L’expression «de chief en chief» apparaît au vers 140 : «quant el l’ot lit de chief en chief» et signifie ici entièrement, de part et d’autre (on traduit le vers par : quant elle l’eut lu entièrement). Le mot «chief» vient du latin «caput» qui désigne la tête. L’expression est composée du terme «chief» qui désigne donc d’abord la tête, au sens propre, comme partie du corps. Cette signification apparaît en 1350 et se développe rapidement sous de nombreuses expressions et significations diverses. On trouve par exemple l’expression «en chef» dès 1400 qui désigne la «tête nue». La locution «de chief en chief» apparaît en 1392 dans le roman Mélusine de Jean d’Arras. Le mot se revêt de sens métaphoriques, chronologiques, figurés ou encore analogiques. Le sens analogique «d’importance à propos d’une personne» donnera le sens que nous connaissons aujourd’hui au mot «chef» à savoir «l’instigateur, le responsable, celui qui est à la tête d’un groupe, qui en ordonne l’action».
«Meschine» apparaît dans le lai des deux amants au vers 208 : «sovent li prie la meschine» et signifie ici «jeune fille». En ancien français, le terme désigne principalement la jeune fille mais peut aussi se rapporter à la servante, à la maîtresse ou à la concubine. La signification «servante» voit le jour dans Le Pèlerinage de la vie humaine de Guillaume de Digulleville publié entre 1330 et 1331. On trouve les premières occurrences du terme avec pour signification «jeune fille» dans le roman anonyme écrit en prose Berinus publié entre 1350 et 1370. Enfin, la signification «maitresse, concubine» apparaît dans le texte anonyme Miracle de un chanoine qui se maria daté de 1361. «Meschine» apparaît au XIVe siècle alors que l’ancien français dispose déjà du terme «pucele» pour désigner la jeune servante ou la jeune fille.
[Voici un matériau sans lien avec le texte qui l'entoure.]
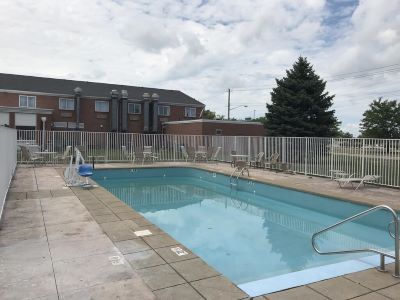 outdoor pool - hotel days inn by wyndham sandusky/cedar point - sandusky, united states of america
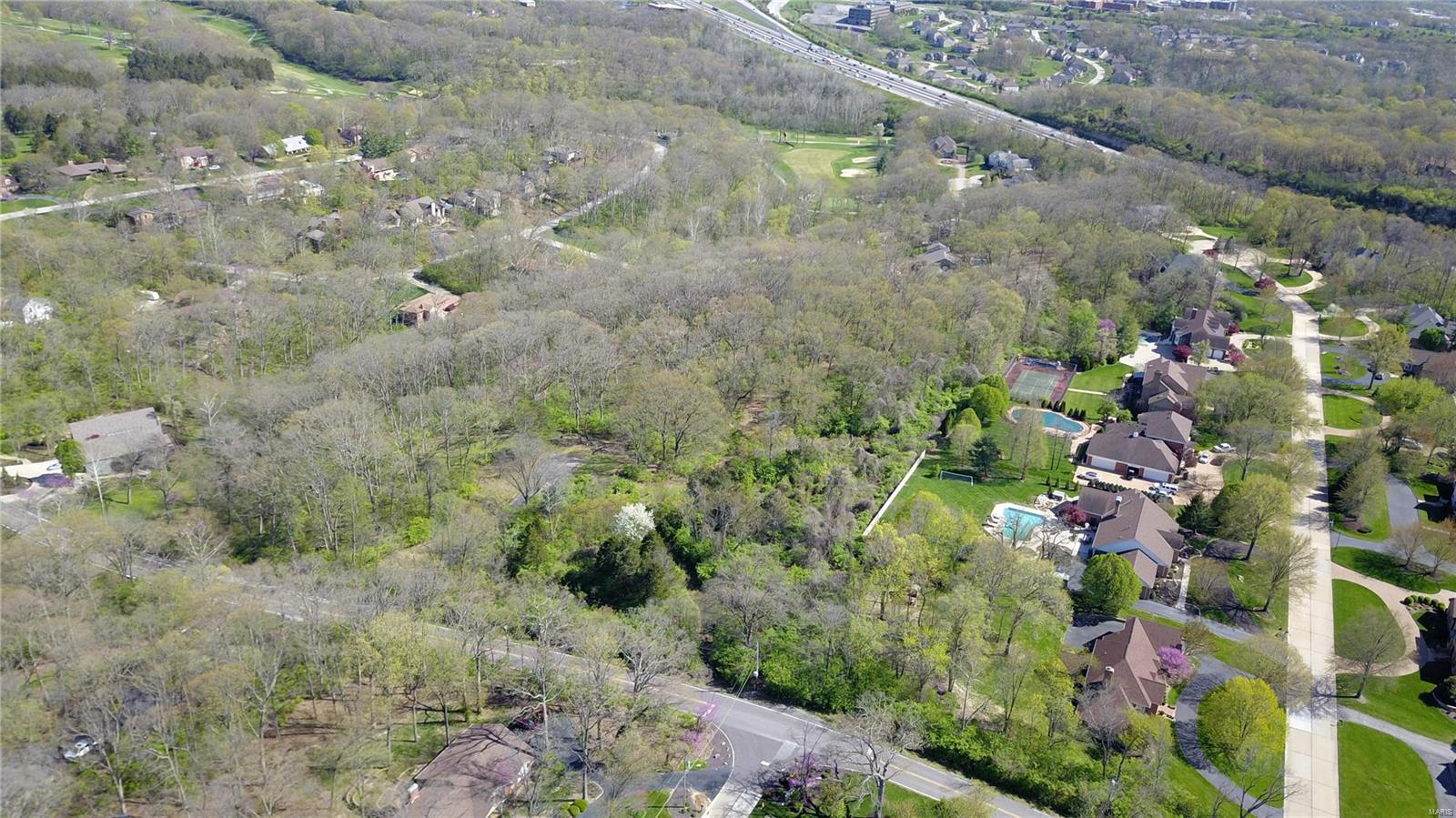 12480 Robyn Road Sunset Hills, MO 63127 - Photo 2 of 18 Gallery Image 2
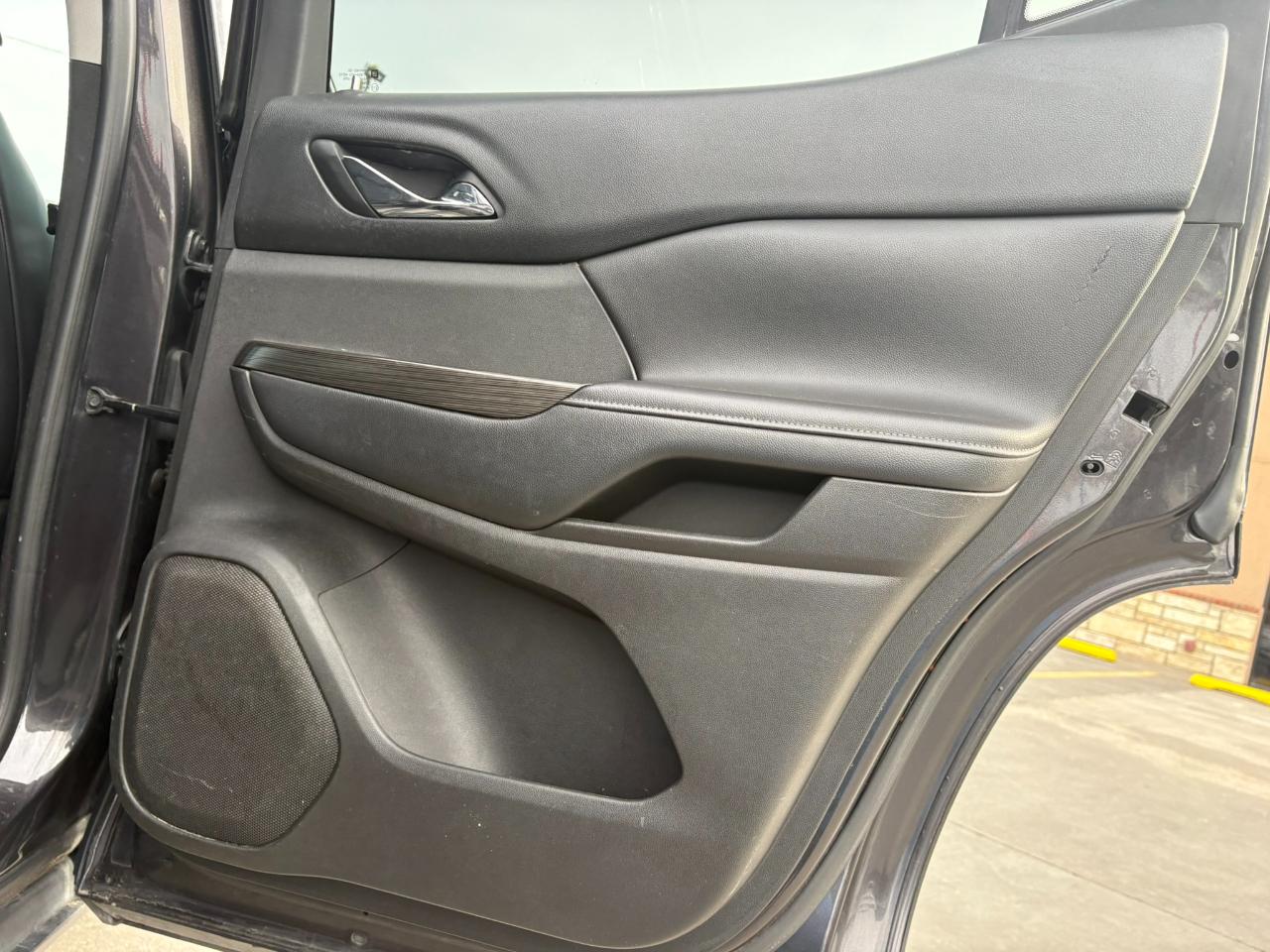 GMC Acadia FWD 4dr SLT w/SLT-1 2018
Il est emprunté à l’arabe «miskin» qui signifie «humble, pauvre». Le doublet, n’apportant pas de nuance particulière au sens du mot, disparaît rapidement : il est répertorié dans des textes jusqu’au début du XVIe siècle uniquement. La forme du mot se retrouve aujourd’hui dans «mesquin» qui vient de l’italien «meschino» (avare), emprunté lui-même de l’arabe.
«Esploitier» est un mot qui vient du mot latin «explicitare» qui veut dire «accomplir». Au XIIe siècle, en ancien français, le mot a le sens d’accomplissement avec des traductions comme «accomplir» mais aussi «réussir», «agir avec énergie». On trouve également le mot «esploit» qui signifie «l’action menée à bien», «action d’éclat de guerre» mais ce substantif a aussi le sens de «rente» «revenu» «profit». Le substantif «exploite» est plus spécialisée dans la signification «d’avantage» et de «profit». L’adjectif «esploitable» quant à lui signifie «profitable». Ainsi, on voit que l’accomplissement d’un fait glisse vers le sens de profit d’un bien. Aujourd’hui, «exploiter» n’a plus le sens d’accomplir une grande chose mais signifie le fait de faire valoir un bien, le rendre productif de manière à en tirer profit. De même, «l’exploitation» est un bien que l’on cultive pour en recevoir une compensation matérielle.